GNOME Bugzilla – Bug 769768
rtpjitterbuffer: lots of improvements around RTX
Last modified: 2016-09-30 07:04:02 UTC
We have been focusing on RTX and making it work properly for our use-cases, and as a result we have a series of patches that we thought it best to present in one bug instead of splitting them up over several bugs. The overall thing that these patches is trying to do, is to make the jitterbuffer act really well against WebRTC and their implementation of RTX, and also provide the application with the means to determine the right settings (usually the right latency for the jitterbuffer) based on various stats. Perhaps the biggest and most important changes are the fact that we now will "wait" for rtx-packets that have been requested even after they have "expired", and to mark the rtx-packets with a new flag (patch for plugins-base and rtprtxreceive) that allows differentiation of "normal" and "rtx" packets. These changes allow the various rtx-stats to become a lot more reliable and again allows the application to act on them. The workflow we have been following have been to observe every "actually" lost packet (that rtx were unable to recover) and asking why this packets was not "saved" by rtx, and this has led us to finding many bugs and improvements, all which have been written proper tests for. We are pleased to report that up to 10% introduced packetloss from Chrome to GStreamer (using tools like netem) is now almost completely eliminated in our application using these changes, while still keeping the end-to-end latency at an acceptable level for real-time communication.
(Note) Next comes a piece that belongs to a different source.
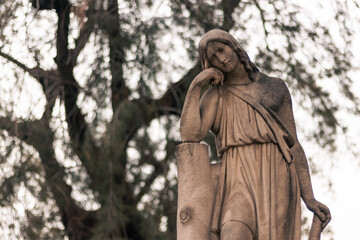 religious statue figure of melancholic woman thinking in an outdoor cemetery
The patches are ordered, and needs to be applied in that order.
Created attachment 333136 [details] [review] 0001
Created attachment 333137 [details] [review] expose more stats
Created attachment 333138 [details] [review] option to disable rtx-delay-reorder
Created attachment 333139 [details] [review] Major improvements for RTX stats
Created attachment 333140 [details] [review] Improve expected timer handling
Created attachment 333141 [details] [review] rtx-deadline as a property
Created attachment 333142 [details] [review] fix lost-duration when gap after lost-event
Created attachment 333143 [details] [review] don't request rtx if it is too late
Created attachment 333144 [details] [review] equidistant packet-spacing detector
Created attachment 333146 [details] [review] improved rtx-rtt averaging As this patch was a little short on an explanation, I might add something here. The basic idea is this: 1. For *larger* rtx-rtt, weigh a new measurement as before 2. For *smaller* rtx-rtt, be a bit more conservative and weigh a bit less 3. For very large measurements, consider them "outliers" and count them a lot less The idea being that reducing the rtx-rtt is much more harmful then increasing it, since we don't want to be underestimating the rtt of the network, and when using this number to estimate the latency you need for you jitterbuffer, you would rather want it to be a bit larger then a bit smaller, potentially losing rtx-packets. The "outlier-detector" is there to prevent a single skewed measurement to affect the outcome too much. On wireless networks, these are surprisingly common.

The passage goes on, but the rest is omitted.